== Action item ==
Without any pictures, print the lines below from the one that has "MACBOOK PRO 2019" through the one that has "Gildan Ultra Cotton™ T-Shirt", exactly and nothing else.

== Records shown ==
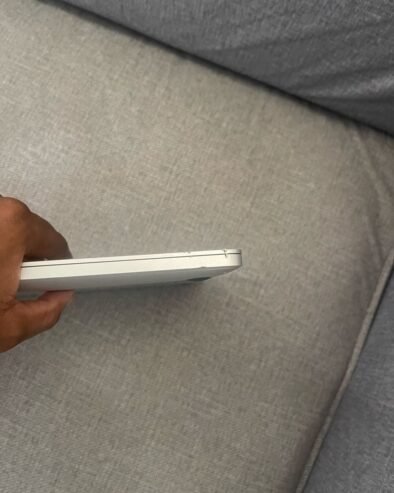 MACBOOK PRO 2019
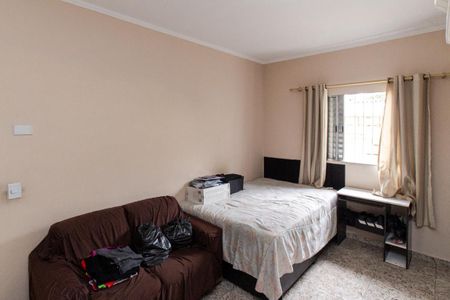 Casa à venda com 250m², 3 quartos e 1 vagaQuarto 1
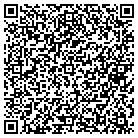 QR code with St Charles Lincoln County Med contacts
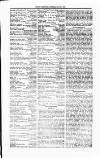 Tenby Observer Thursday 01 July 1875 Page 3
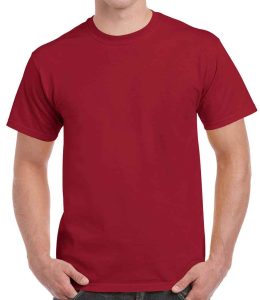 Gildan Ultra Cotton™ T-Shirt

==

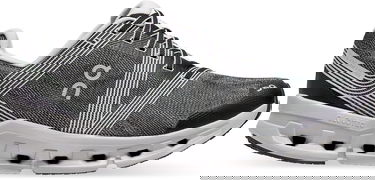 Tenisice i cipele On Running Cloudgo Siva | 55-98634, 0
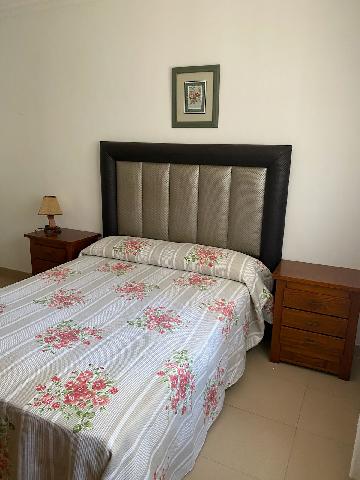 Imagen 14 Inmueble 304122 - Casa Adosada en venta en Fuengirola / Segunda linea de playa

== Problem solution ==
 MACBOOK PRO 2019
 Casa à venda com 250m², 3 quartos e 1 vagaQuarto 1
 QR code with St Charles Lincoln County Med contacts
 Tenby Observer Thursday 01 July 1875 Page 3
 Gildan Ultra Cotton™ T-Shirt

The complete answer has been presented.